I looked around. A crane standing out in the yard looked back at us. Then it spread its wings and took off. As it flew up it went past an upstairs window of the sea lab. There was a man up there pointing in our direction and talking.

"What’s he saying?" I asked.

"It looks like he’s telling us to stay where we are and he’ll be down in a minute."

"Finally, it’s about time we got some service in this place."

"What’s wrong with you?"

There was a door into the sea lab directly across from us that looked promising, so I started walking over to it. Michael followed, hissing and muttering something to me. The door opened, and I went in, and held it open for Michael. It led us into a narrow cinderblock corridor. There were doors to the left and right. The fluorescent lights buzzed.

"Left or right?" I felt like I’d left Michael out of the decision process, so I thought I’d give him a chance, but then the door to our right opened. A young guy with a knitted cap wearing jeans and a t-shirt came in. He ambled by us and said, "’Sup."

"Good," I said. He continued on to the door on the left, so I turned and grabbed the door he’d just come through before it could close. We came out into a combination den and kitchen, with some couches on one side and a refrigerator, stove, and a small table on the other. There were several people, young, in their early twenties maybe, sitting around. They looked a little bit stunned by our entrance.

"Hi!" I said. "We took a wrong turn." Which way’s the way out?"

A guy sitting at the table pointed to a corridor past the stove.

"Oh, thanks, duh, I should have seen the sign that said ‘Exit’." I turned to Michael. "Next time we’re paying for the complete tour package."
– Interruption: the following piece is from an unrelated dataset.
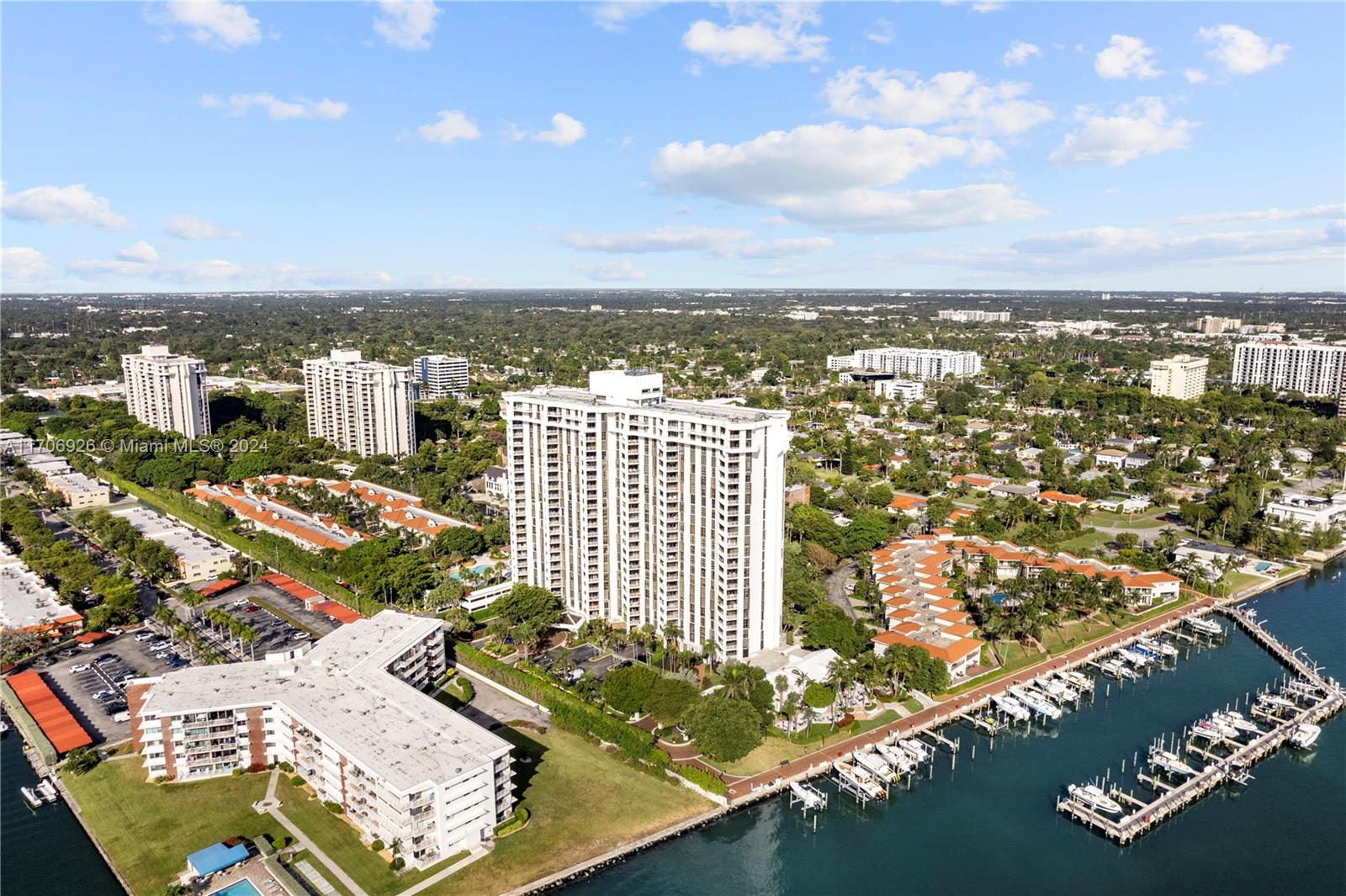 4000 NE Towerside Ter # 1109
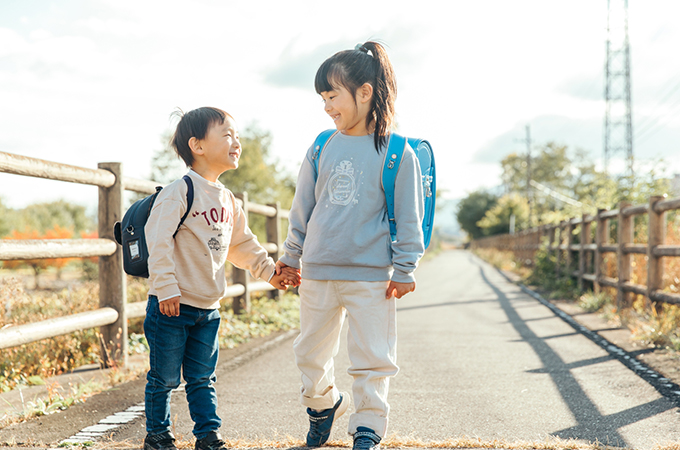 2022年10月に設定された「児童手当」の所得制限が撤廃?対象年齢引き上げも検討へ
The corridor led us to the front door and we found our way out. The wind had died down and the sun was starting to come out. We’d parked at the public beach a mile and a half away, but with the weather turning it was a pleasant walk. Still Michael complained the whole time, saying he doesn’t understand why he lets me get him into these things. I don’t know what he meant. If it was anybody’s fault it was Lady Dame What’s-Her-Name’s.